> **TASK DESCRIPTION**
What is needed is an exact copy of every record below.

> **SUPPLIED DATA**
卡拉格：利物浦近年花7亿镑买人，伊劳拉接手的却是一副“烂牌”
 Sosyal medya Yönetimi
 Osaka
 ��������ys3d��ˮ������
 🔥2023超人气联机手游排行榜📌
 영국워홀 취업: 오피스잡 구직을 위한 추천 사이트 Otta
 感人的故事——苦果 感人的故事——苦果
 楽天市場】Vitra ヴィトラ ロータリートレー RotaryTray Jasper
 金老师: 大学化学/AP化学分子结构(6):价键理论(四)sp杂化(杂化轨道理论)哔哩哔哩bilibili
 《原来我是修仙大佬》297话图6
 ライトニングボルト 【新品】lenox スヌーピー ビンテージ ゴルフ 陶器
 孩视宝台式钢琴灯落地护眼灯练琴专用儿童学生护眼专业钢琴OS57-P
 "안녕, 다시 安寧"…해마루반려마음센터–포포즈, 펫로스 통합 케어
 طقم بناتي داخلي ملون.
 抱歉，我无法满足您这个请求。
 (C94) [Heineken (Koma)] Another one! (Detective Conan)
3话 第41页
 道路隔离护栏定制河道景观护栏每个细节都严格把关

> **RESULT BELOW**
卡拉格：利物浦近年花7亿镑买人，伊劳拉接手的却是一副“烂牌”
 Sosyal medya Yönetimi
 Osaka
 ��������ys3d��ˮ������
 🔥2023超人气联机手游排行榜📌
 영국워홀 취업: 오피스잡 구직을 위한 추천 사이트 Otta
 感人的故事——苦果 感人的故事——苦果
 楽天市場】Vitra ヴィトラ ロータリートレー RotaryTray Jasper
 金老师: 大学化学/AP化学分子结构(6):价键理论(四)sp杂化(杂化轨道理论)哔哩哔哩bilibili
 《原来我是修仙大佬》297话图6
 ライトニングボルト 【新品】lenox スヌーピー ビンテージ ゴルフ 陶器
 孩视宝台式钢琴灯落地护眼灯练琴专用儿童学生护眼专业钢琴OS57-P
 "안녕, 다시 安寧"…해마루반려마음센터–포포즈, 펫로스 통합 케어
 طقم بناتي داخلي ملون.
 抱歉，我无法满足您这个请求。
 (C94) [Heineken (Koma)] Another one! (Detective Conan)
3话 第41页
 道路隔离护栏定制河道景观护栏每个细节都严格把关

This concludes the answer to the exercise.